If Haus are the very epitome of enthusiasm on stage, then JAWS are the polar opposite. Dreamy and mysterious, Connor Schofield and his band appear to have mastered the technique of looking utterly disinterested whilst performing. Languid body language and drawling vocals don’t exactly scream passion, but this is all part of JAWS’ laid-back style.
Opening their set with the slightly lifeless ‘Time’, our hopes weren’t particularly high for what lay ahead. It soon became clear, however, that things were only going to improve. Memorable guitar rifts and hazy shoe-gazing melodies make fan favourites ‘Donut’ and ‘Toucan Surf’ a pleasure to behold, whilst new track ‘Be Slowly’ is a step away from the band’s traditional offhand approach, with a more intense and energetic vibe.
Despite this, it is difficult to escape the feeling that JAWS don’t quite have the conviction of their Midlands based counterparts Peace and Swim Deep. Shoefield is at times, and by his own admission, awkward on stage, failing to connect with the audience, aside from a quip about Tunbridge Wells having ‘a very nice Morrisons’, which brings some laughter from the crowd.

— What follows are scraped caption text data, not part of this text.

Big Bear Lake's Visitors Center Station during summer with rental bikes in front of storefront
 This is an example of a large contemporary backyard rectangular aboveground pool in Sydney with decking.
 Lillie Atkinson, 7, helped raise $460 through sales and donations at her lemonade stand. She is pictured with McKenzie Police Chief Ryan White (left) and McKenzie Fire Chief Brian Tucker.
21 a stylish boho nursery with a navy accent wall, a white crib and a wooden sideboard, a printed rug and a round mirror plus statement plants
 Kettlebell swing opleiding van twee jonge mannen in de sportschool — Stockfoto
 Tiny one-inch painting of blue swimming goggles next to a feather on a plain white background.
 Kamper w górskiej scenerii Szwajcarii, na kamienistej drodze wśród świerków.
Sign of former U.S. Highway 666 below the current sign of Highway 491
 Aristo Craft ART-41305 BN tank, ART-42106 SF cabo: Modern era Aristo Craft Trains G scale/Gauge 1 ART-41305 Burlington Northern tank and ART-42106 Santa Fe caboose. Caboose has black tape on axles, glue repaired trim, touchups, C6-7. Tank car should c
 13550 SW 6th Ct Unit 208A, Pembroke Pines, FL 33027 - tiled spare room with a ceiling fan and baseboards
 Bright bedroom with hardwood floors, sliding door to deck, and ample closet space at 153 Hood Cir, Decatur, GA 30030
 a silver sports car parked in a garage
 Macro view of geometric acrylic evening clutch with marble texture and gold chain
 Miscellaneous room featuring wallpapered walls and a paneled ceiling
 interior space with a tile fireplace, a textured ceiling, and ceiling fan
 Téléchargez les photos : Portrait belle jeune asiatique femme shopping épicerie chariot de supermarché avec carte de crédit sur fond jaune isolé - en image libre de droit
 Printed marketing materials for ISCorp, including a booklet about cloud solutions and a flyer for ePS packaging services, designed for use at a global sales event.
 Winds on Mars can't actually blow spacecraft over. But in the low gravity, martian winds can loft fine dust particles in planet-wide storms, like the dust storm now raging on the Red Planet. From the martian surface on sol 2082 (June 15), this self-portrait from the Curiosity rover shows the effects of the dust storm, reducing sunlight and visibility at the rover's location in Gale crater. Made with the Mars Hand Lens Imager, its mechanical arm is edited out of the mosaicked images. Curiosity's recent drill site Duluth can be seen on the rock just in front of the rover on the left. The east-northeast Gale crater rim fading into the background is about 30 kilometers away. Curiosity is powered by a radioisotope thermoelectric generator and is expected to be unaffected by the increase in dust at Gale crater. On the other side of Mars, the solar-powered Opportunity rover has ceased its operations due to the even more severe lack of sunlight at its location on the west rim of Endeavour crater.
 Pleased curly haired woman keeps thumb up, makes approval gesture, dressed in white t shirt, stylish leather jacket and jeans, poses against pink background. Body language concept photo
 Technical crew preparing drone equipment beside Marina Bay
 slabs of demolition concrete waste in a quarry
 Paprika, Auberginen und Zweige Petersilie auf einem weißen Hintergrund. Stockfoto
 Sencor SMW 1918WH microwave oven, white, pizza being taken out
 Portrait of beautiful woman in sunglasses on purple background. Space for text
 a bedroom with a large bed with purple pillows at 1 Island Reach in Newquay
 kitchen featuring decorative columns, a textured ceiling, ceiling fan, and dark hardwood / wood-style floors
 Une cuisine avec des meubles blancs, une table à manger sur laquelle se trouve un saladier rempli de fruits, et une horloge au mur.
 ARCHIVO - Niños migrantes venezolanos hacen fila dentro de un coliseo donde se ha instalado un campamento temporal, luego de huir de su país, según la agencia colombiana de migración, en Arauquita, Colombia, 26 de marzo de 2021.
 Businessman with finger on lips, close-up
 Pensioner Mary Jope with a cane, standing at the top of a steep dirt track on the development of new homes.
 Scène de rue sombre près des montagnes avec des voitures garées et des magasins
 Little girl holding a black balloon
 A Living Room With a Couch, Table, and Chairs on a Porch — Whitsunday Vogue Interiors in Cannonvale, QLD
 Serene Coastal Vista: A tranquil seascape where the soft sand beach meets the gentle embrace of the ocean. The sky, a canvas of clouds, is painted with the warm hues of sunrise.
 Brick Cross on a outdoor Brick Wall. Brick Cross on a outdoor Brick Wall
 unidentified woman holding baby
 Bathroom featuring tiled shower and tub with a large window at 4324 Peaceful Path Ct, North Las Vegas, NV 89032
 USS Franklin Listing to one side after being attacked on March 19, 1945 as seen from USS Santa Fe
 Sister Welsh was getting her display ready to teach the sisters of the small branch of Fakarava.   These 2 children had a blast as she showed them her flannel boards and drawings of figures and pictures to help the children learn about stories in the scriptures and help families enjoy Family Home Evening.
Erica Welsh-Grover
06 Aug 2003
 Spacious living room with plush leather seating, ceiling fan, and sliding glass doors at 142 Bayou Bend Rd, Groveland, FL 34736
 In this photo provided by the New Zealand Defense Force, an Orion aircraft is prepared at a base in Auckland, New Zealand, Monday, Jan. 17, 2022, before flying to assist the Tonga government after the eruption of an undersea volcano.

After bizarrely adorning his head with a wet flannel, Schofield returns to his usual reserved self and launches into new single ‘Think Too Much, Feel Too Little’, a chilled and carefree number that sounds like it could have been lifted straight from a Swim Deep record. Much more impressive is ‘Surround You’, with skuzzy rifts and enchanting vocals. The band end the set with ‘Gold’ a fast based and bold track that even manages to stir some emotion in Schofield, who coos ‘Take me where the gold drips from the sun onto my back’ with real intensity and passion as the song reaches a crescendo.
JAWS might have some way to go if they are going to reach the level of live performance achieved by Peace and Swim Deep. Nevertheless, on the basis of this show, it is a task they are more than capable of.